## ACTION ITEM
Beginning with the line that contains "Welcome to Great" in the material below, print each line exactly until the line that contains "The space probe" has been printed, then stop.

## RECORDS SHOWN
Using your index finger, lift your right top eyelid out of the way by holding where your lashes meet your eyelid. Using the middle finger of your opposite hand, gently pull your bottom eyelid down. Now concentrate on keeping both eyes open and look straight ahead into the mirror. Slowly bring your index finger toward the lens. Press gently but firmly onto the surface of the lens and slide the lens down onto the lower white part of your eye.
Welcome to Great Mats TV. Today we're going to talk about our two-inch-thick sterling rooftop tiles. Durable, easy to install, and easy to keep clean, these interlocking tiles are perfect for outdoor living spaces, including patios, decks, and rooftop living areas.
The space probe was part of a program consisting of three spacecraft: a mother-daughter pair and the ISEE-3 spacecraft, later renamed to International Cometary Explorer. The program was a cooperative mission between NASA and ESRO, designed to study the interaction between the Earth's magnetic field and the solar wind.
==
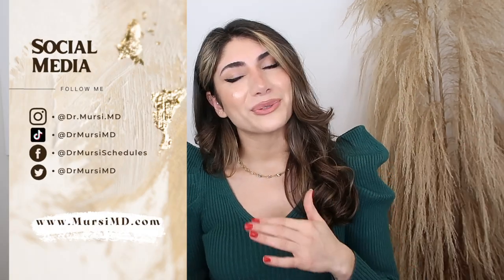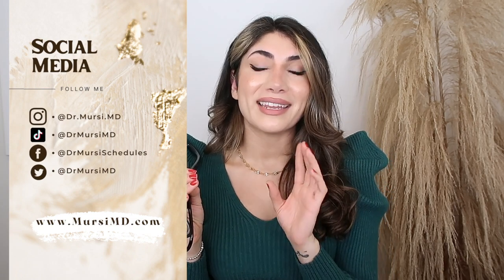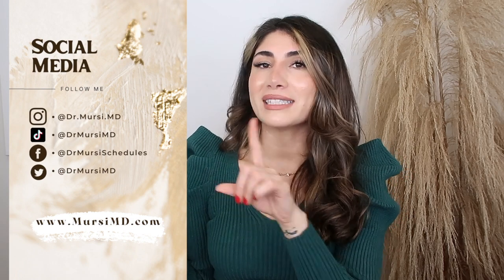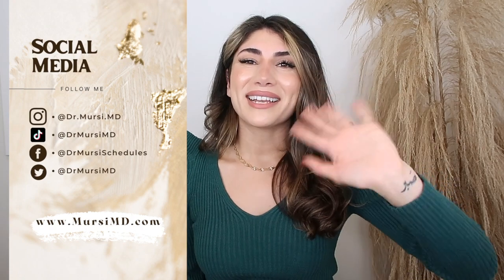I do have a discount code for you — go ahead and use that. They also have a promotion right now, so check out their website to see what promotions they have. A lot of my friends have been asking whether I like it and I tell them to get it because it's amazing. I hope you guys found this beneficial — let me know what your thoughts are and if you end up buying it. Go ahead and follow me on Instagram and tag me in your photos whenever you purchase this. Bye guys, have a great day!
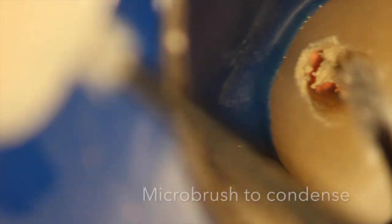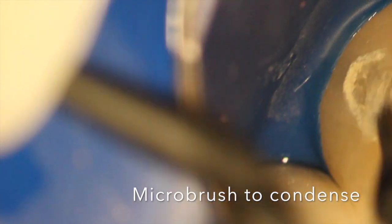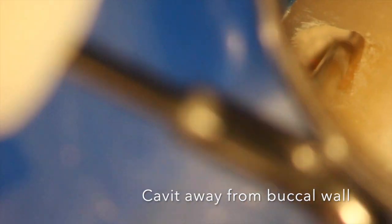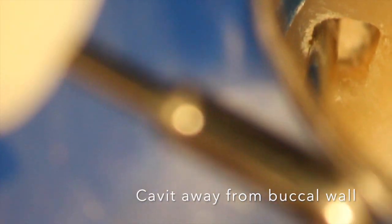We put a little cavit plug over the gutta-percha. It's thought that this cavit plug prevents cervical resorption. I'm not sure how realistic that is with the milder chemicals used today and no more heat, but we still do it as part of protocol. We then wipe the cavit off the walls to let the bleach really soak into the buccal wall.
---
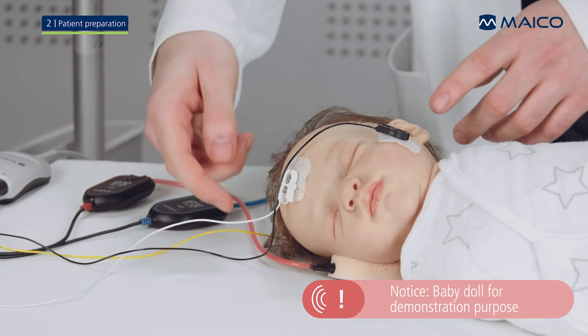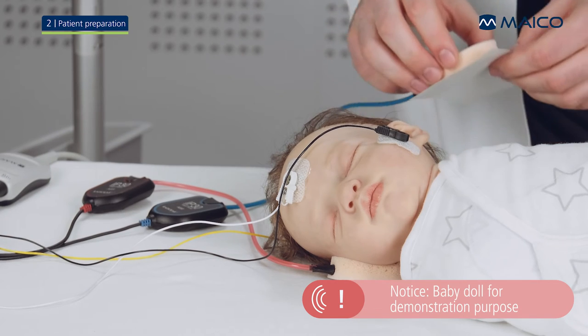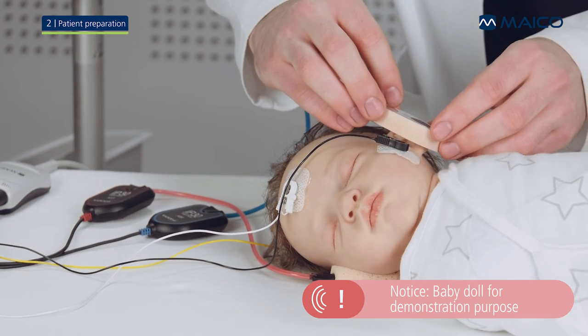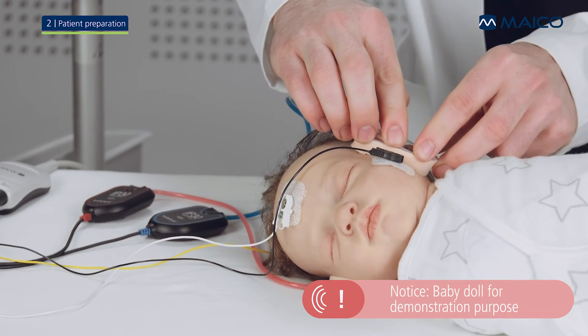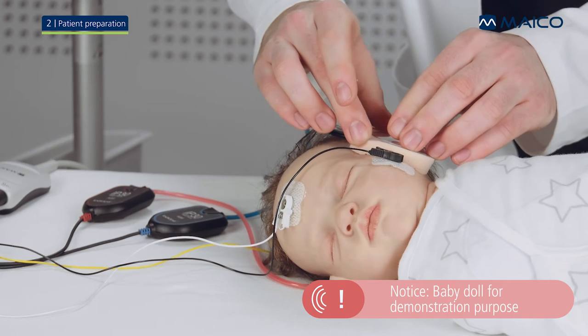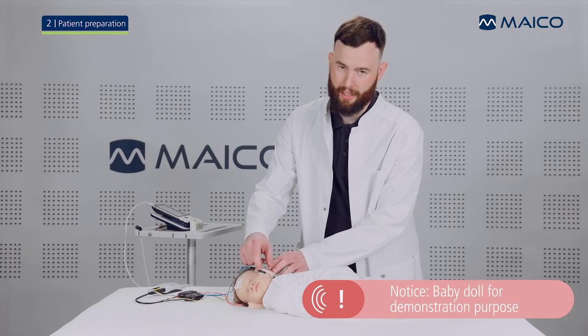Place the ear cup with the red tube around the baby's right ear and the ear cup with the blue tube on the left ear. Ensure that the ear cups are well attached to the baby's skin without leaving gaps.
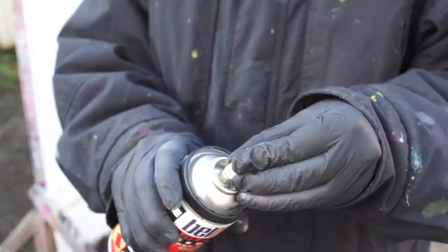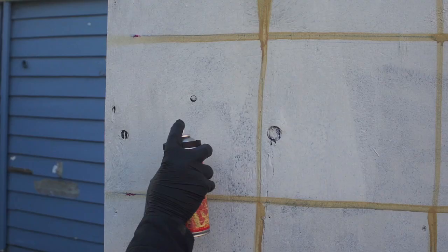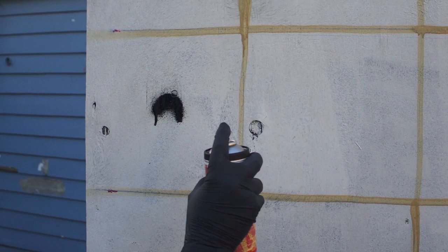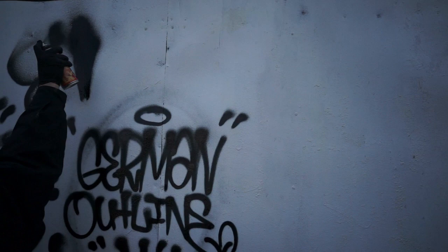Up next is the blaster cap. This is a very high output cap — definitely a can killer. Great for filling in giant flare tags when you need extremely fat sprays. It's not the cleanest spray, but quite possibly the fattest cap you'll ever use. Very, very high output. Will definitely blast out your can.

## RESPONSE FOR THIS EXERCISE
Welcome to Great Mats TV. Today we're going to talk about our two-inch-thick sterling rooftop tiles. Durable, easy to install, and easy to keep clean, these interlocking tiles are perfect for outdoor living spaces, including patios, decks, and rooftop living areas.
The space probe was part of a program consisting of three spacecraft: a mother-daughter pair and the ISEE-3 spacecraft, later renamed to International Cometary Explorer. The program was a cooperative mission between NASA and ESRO, designed to study the interaction between the Earth's magnetic field and the solar wind.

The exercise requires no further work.